Political machines thrive, only to die one day. Witness what's happening in Atlanta. Based on both our own InsiderAdvantage surveys, and on a poll by the highly regarded SurveyUSA, it appears that one of America's most powerful municipal political machines is sputtering to a halt -- that of the nearly 40-year reign of African-American mayors in this town.
Atlanta was one of the first major cities in the nation to elect a black mayor, in 1973. It was certainly the first big city in the South to do so. Back then, "white flight" to the suburbs spawned a downtown electorate that was more and more African-American. Beyond that, the city seemed ready to embrace the concept of change that came with the election of a minority to office. The late Maynard Jackson was charismatic, charming and brilliant. He had served as vice mayor before besting the incumbent white mayor in a runoff.
His ascendance started the emerging Atlanta tradition of passing the mayoral torch from one black leader to the next. All this in a town where comparatively tight city limits came to hold roughly half-a-million citizens within a greater metro area of some 5.5 million.
As little as three years ago, you would have been dubbed a political naif had you suggested that a race for mayor here could be leaning towards a fiery, petite white woman with no ties to anything like a downtown machine. Yet the polling in this race points to a spot of apathy among some black voters, even just a year after a record number of blacks turned out for Barack Obama.

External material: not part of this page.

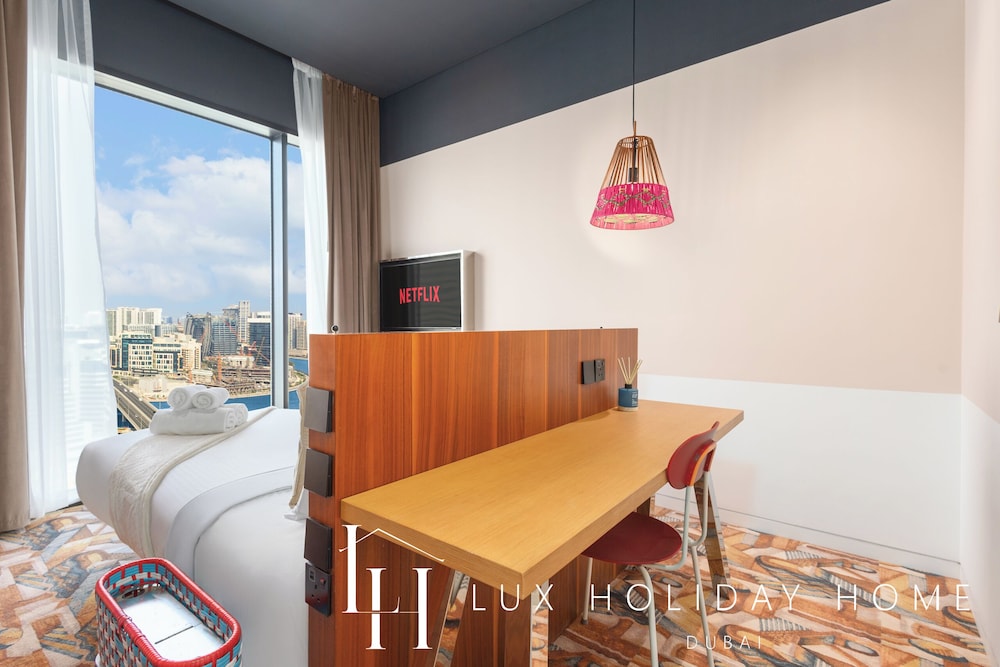 LUX The Modern Retro Suite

Race is always a factor in elections like this. Atlanta has large blocs of both white and black voters, plus a burgeoning tide of other minorities. But race doesn't look to be the determining factor this time. In my judgment, the Nov. 3 vote for Atlanta mayor may well be determined with neither of the two major African-American candidates even making it into a runoff, which would be held three weeks after the initial vote.
Ironically, the bigger theme of the mayoral race that may come to be known as the "upset in Atlanta" is the same one that put Obama in the White House: change.